Scope and Methodology
The authors focus on fluid-related PDEs, analyzing research that employs ML to solve these equations more efficiently than traditional numerical methods. They consider 82 articles and identify common pitfalls like weak baselines and reporting biases.
Weak Baselines
Two primary rules are established for ensuring fair comparisons between ML-based solvers and traditional numerical methods:
- Rule 1: Comparisons at Equal Accuracy or Equal Runtime: Comparing efficiency (or speed) only makes sense if both methods have the same accuracy. Violations occur when a high-accuracy traditional method is compared with a less accurate ML approach.
- Rule 2: Compare to an Efficient Numerical Method: It's crucial to compare ML-based solvers to state-of-the-art, highly efficient numerical methods, rather than older or less efficient ones.
The paper reports that 79% of the reviewed studies violated at least one of these rules.

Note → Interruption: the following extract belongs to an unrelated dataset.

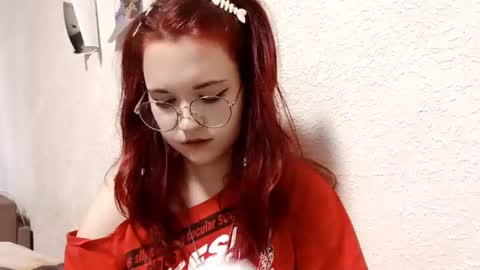 Snapshot of noemireaux chatting on 07.16.26 Emma online show from 07.16.26
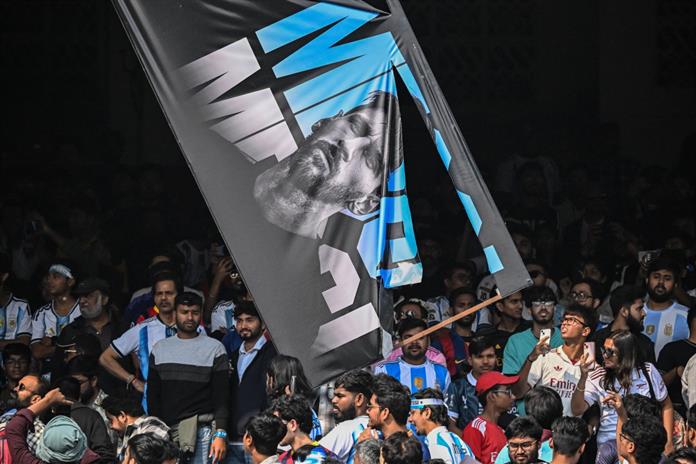 La visita de Messi a un estadio de Calcuta concluye con disturbios La visita de Messi a un estadio de Calcuta concluye con disturbios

For instance, many articles compared their ML-based solvers against outdated or suboptimal numerical baselines, thus overestimating the advantage of the ML approach.
Reporting Biases
The analysis also identifies a pervasive bias towards reporting positive results. The paper finds that 94.8% of the reviewed articles only mentioned positive results, while only 5.2% mentioned both positive and negative results. None of the articles reported solely negative outcomes. This imbalance suggests a significant publication bias, where negative results are either discouraged or omitted, leading to an inflated perception of ML tools' effectiveness.
Statistical and Anecdotal Evidence
The paper presents both statistical and anecdotal evidence to support its claims. For example, some ML methods which show promising results in one context perform poorly when tested under different conditions. This is indicative of selective reporting and outcome switching—practices that further contribute to the reproducibility crisis.
Reproducing Results with Stronger Baselines
The authors attempted to replicate results from ten highly cited articles using stronger baselines. In most cases, the more efficient numerical methods outperformed the ML-based solvers. Notably, only three out of ten ML-based methods remained competitive when compared against these optimized traditional methods.
Implications and Future Directions
Practical Implications
The findings caution against overly optimistic assessments of ML for fluid-related PDEs. The tendency to use weak baselines and report biased results misguides subsequent research and applications, potentially leading to suboptimal solutions in real-world scenarios.
Theoretical Implications
The paper highlights the need for more rigorous standards in ML-based scientific research. Ensuring fair comparisons and complete reporting would help provide a more accurate picture of an ML model's true efficacy.
Recommendations for Best Practices
- Fair Comparisons: Compare ML-based solvers with both traditional numerical methods and other ML-based methods.
- Adherence to Rule 1: Always ensure comparisons are made at equal accuracy or runtime.
- Multiple Baselines: Employ multiple numerical methods where possible to ensure robust baselines.
- Transparency: Explicitly discuss how baselines were chosen and justify their efficiency.
- Report Efficiency Metrics: Besides runtime and accuracy, include metrics like computational cost to generate training data and train models.
Conclusion
The paper provides a nuanced and empirical critique of current ML practices in solving fluid-related PDEs. By identifying and quantifying issues around weak baselines and reporting biases, it sets a high bar for future research methodologies in this domain. The recommendations made by McGreivy and Hakim aim to foster a more rigorous and transparent approach, ultimately benefitting both the ML community and the broader scientific landscape.